EXTRACTED INFORMATION:
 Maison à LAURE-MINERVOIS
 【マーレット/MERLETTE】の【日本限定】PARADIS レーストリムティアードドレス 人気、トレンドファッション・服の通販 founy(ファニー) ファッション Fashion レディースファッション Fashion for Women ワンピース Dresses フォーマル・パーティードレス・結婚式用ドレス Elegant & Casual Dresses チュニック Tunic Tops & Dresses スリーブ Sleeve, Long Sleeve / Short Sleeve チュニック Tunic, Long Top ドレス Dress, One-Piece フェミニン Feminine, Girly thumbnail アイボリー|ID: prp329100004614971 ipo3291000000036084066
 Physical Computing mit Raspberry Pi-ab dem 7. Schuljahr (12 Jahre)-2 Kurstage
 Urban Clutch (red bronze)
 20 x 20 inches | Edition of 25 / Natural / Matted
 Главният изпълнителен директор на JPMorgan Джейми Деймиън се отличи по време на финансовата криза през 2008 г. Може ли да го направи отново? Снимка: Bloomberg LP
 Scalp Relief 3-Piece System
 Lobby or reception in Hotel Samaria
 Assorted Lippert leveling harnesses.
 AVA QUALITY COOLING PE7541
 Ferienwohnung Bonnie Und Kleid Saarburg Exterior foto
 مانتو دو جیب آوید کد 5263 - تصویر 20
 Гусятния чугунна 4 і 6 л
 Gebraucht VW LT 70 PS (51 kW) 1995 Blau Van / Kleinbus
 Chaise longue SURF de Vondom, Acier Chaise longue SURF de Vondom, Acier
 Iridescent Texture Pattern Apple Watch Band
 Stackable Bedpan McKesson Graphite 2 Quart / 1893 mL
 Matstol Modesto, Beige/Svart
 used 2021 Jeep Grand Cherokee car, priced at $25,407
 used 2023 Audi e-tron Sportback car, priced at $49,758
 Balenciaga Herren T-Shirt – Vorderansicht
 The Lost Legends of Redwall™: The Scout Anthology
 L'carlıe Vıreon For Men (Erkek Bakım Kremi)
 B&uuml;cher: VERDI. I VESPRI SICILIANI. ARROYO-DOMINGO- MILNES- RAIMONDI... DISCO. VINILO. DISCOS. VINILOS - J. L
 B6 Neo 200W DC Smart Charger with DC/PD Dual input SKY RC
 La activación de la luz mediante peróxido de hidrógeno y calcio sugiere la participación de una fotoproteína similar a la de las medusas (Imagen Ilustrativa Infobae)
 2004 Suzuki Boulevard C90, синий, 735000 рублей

WHAT TO PRODUCE: Could you copy every line from the records that mentions the word "priced"?

TASK RESPONSE:
 used 2021 Jeep Grand Cherokee car, priced at $25,407
 used 2023 Audi e-tron Sportback car, priced at $49,758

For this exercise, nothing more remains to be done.